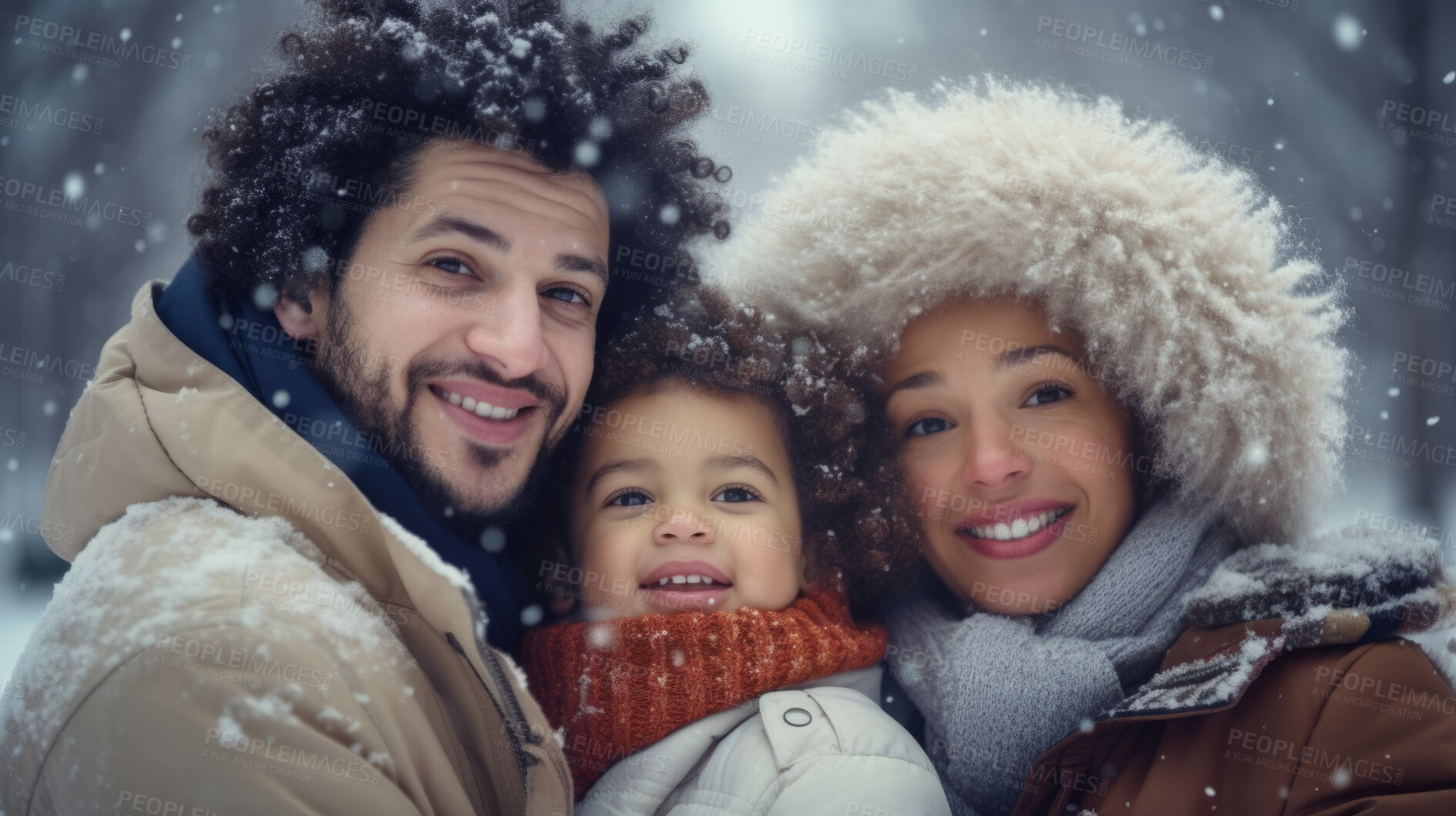 Buy stock photo Portrait of African American family enjoying the winter snow during the Christmas season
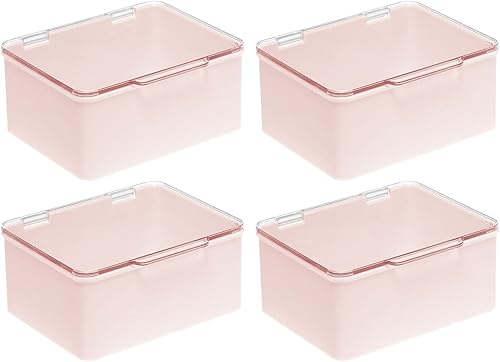 Miniatura 9 de mDesign Caja organizadora de plástico para sala de juegosjuegos, tapa con bisagras para estantes o cubos, capacidad para juguetes pequeños, bloques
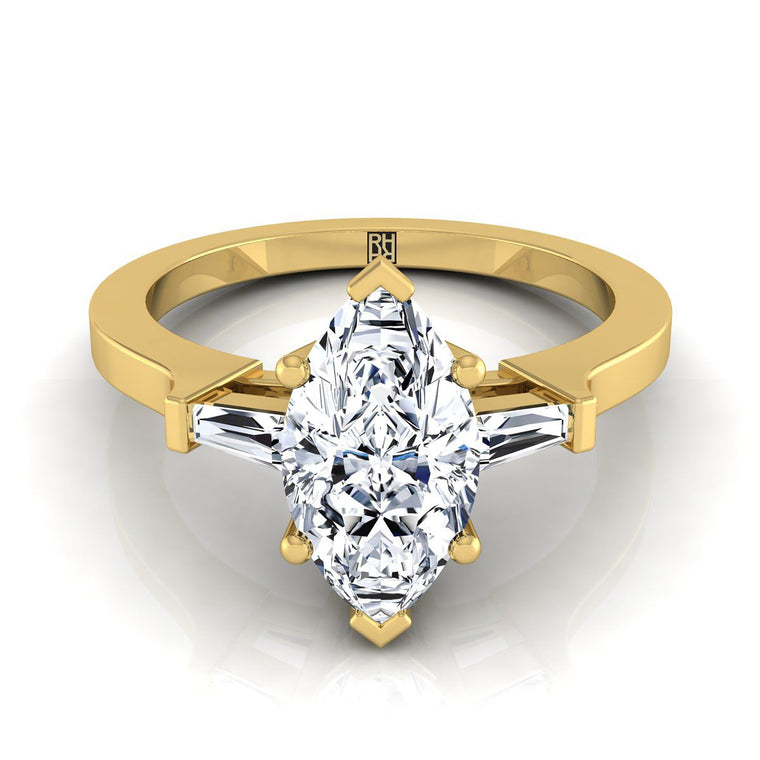 The June Select Three Stone Marquise Lab Diamond Engagement Ring in 18K Yellow Gold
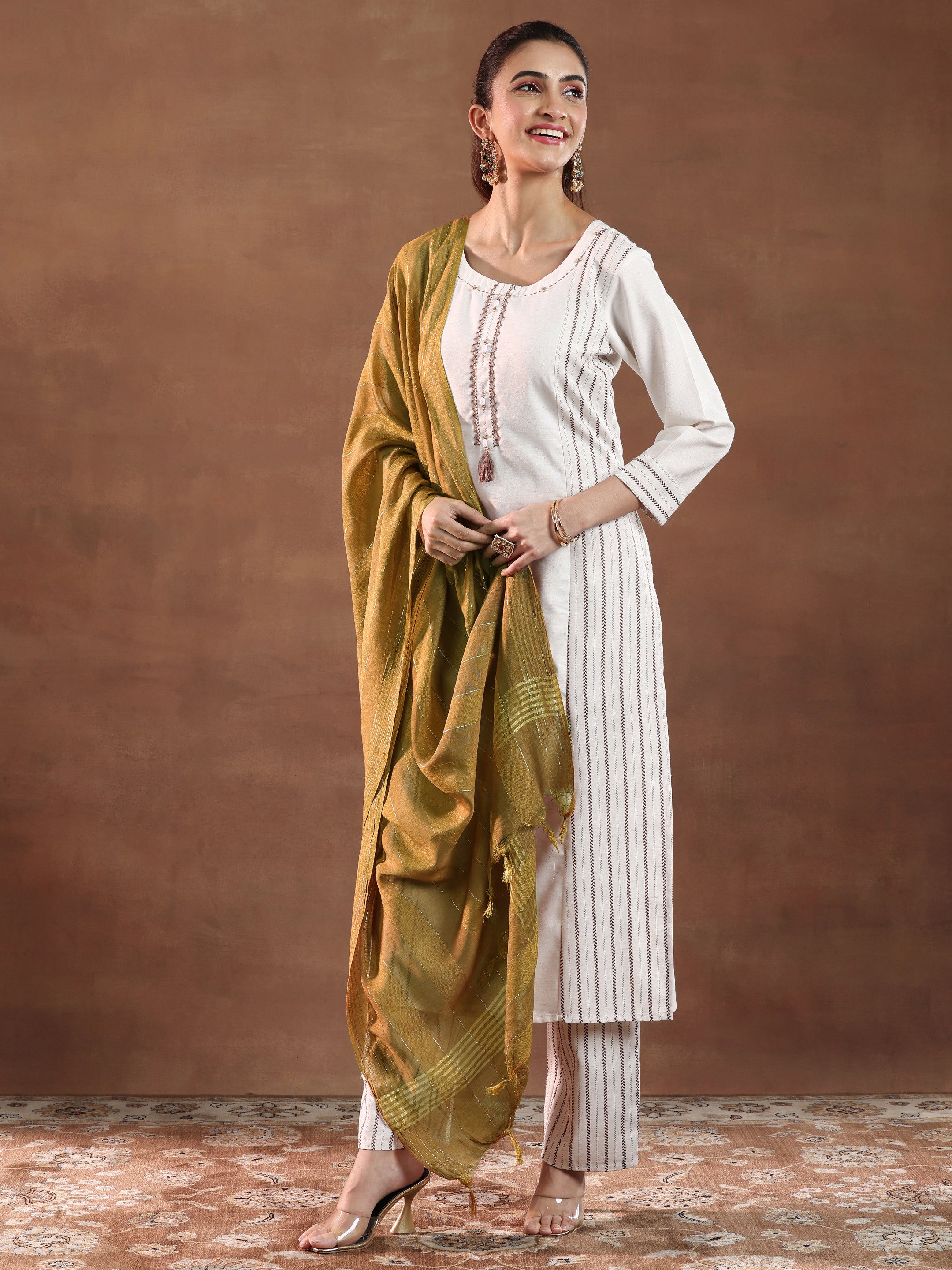 Off White Printed Cotton Blend Straight Suit With Dupatta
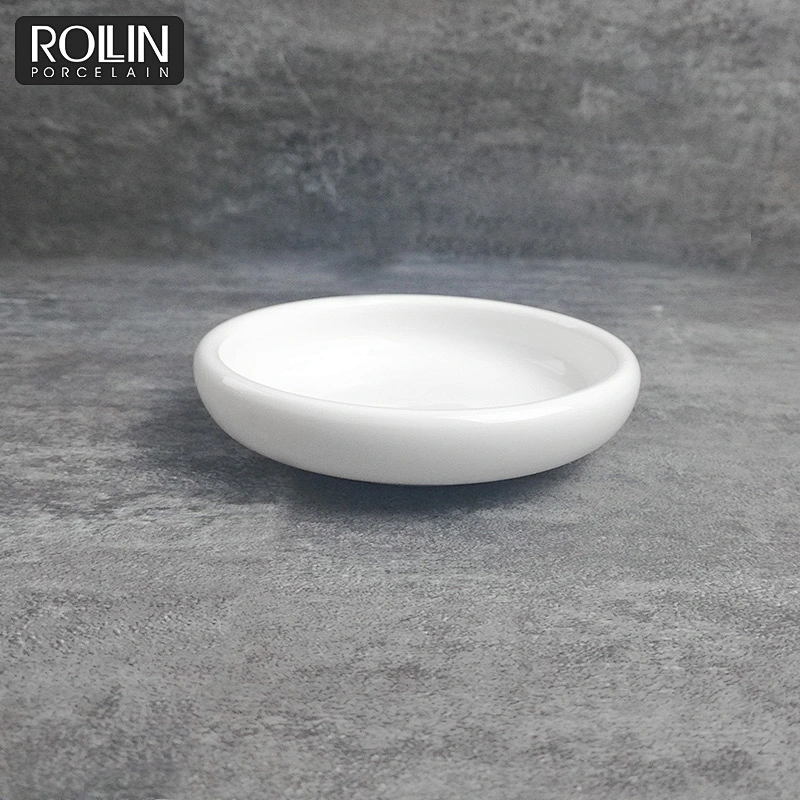 Hotel Restaurant Ceramic Porcelain Fine Bone China Small Round Thick Dinner Plates Sauce Dishes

□ □ □ □ □ □ □

Task instructions: Retype the line containing "Miniatura 9 de" and all lines after it to the end of the material, exactly as written, leaving out any pictures.

Output of the task:
 Miniatura 9 de mDesign Caja organizadora de plástico para sala de juegosjuegos, tapa con bisagras para estantes o cubos, capacidad para juguetes pequeños, bloques
 The June Select Three Stone Marquise Lab Diamond Engagement Ring in 18K Yellow Gold
 Off White Printed Cotton Blend Straight Suit With Dupatta
 Hotel Restaurant Ceramic Porcelain Fine Bone China Small Round Thick Dinner Plates Sauce Dishes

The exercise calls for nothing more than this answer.